Verlagswesen und Buchhandel befinden sich in Deutschland seit geraumer Zeit in einem Strukturwandel, der auch auf die Lage des historischen Buches nachhaltigen Einfluss hat. Zwei Faktoren sind hier hervorzuheben: Zum einen hat die Zahl der konzernabhängigen Verlage im Laufe der Jahre deutlich zugenommen, während die Zahl der eigenständigen, konzernunabhängigen Verlage gleichzeitig weiter zurückgegangen ist. Zum anderen verschwinden immer mehr kleine und mittlere (Traditions-) Buchhandlungen aus den Zentren der Städte, weil sie im Wettbewerb mit den expandierenden Großbuchhandlungen der Buchhandelsketten nicht mehr konkurrenzfähig sind.

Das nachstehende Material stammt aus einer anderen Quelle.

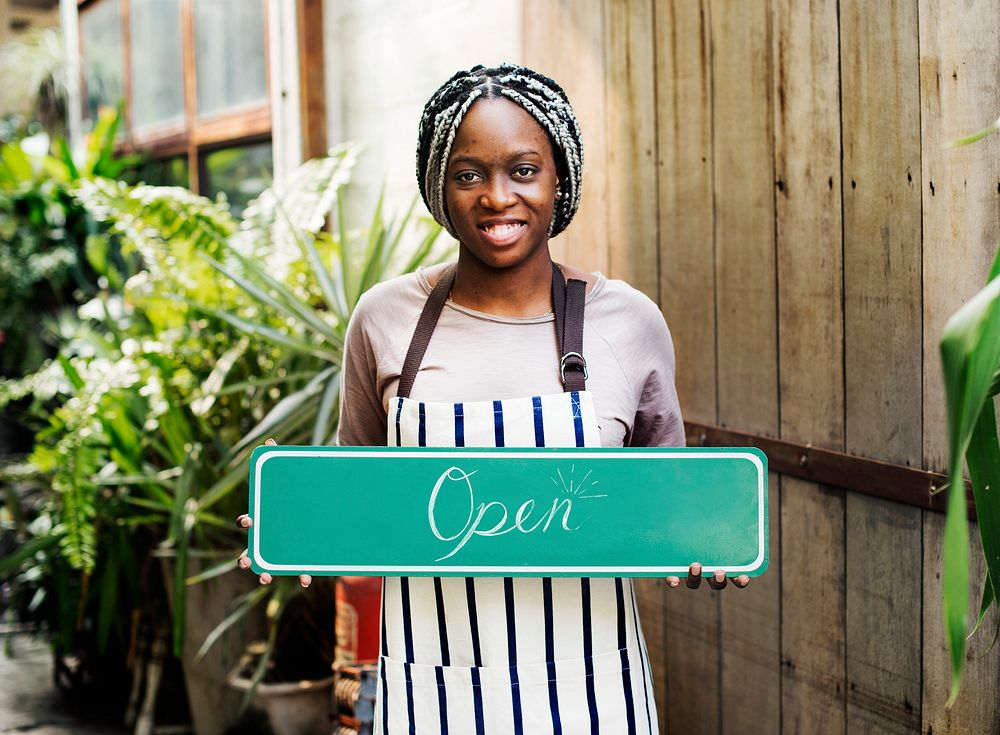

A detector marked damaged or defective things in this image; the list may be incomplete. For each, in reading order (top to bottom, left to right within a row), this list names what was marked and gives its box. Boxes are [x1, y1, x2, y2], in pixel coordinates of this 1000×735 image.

rusty metal bracket [684, 422, 972, 520]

Beide Konzentrationsprozesse haben die Branchenlandschaft verändert. Die Entwicklung ist noch nicht abgeschlossen, vor allem die Konzentration im Handel nimmt weiter zu, aber es ist allenthalben zu beobachten, wie sich das Kräfteverhältnis zwischen den Verlagen und den großen Ketten langsam, aber stetig zum Nachteil der Verlage verschiebt. Wer über zweihundert oder mehr Buchhandlungen gebietet, der kann gegenüber den Verlagen anders agieren als ein einzelner Buchhändler. Die Verlage wiederum brauchen die Kooperation mit solchen Partnern, um ihre Programme möglichst breit und intensiv anbieten zu können. Naturgemäß können dabei die großen Konzernverlage durch ihre Marktmacht der hinter ihnen stehenden Gruppe ein stärkeres Gegengewicht bilden als die mittleren oder kleinen Verlage, die sehr viel mehr auf das Wohlwollen des Buchhandels angewiesen sind. All das macht sich insbesondere beim ewigen Ringen um die Konditionen, aber auch im Einkaufsverhalten der großen Ketten insgesamt bemerkbar. Ihr Einfluss wird für den Erfolg (oder Misserfolg) eines Buches immer wichtiger. Ähnliches gilt auch für den Handel im Internet, wo der mit Abstand größte Akteur Amazon dank einer nunmehr erreichten Marktmacht dazu in der Lage ist, seinen Forderungen gegenüber den Verlagen entsprechenden Nachdruck zu verleihen.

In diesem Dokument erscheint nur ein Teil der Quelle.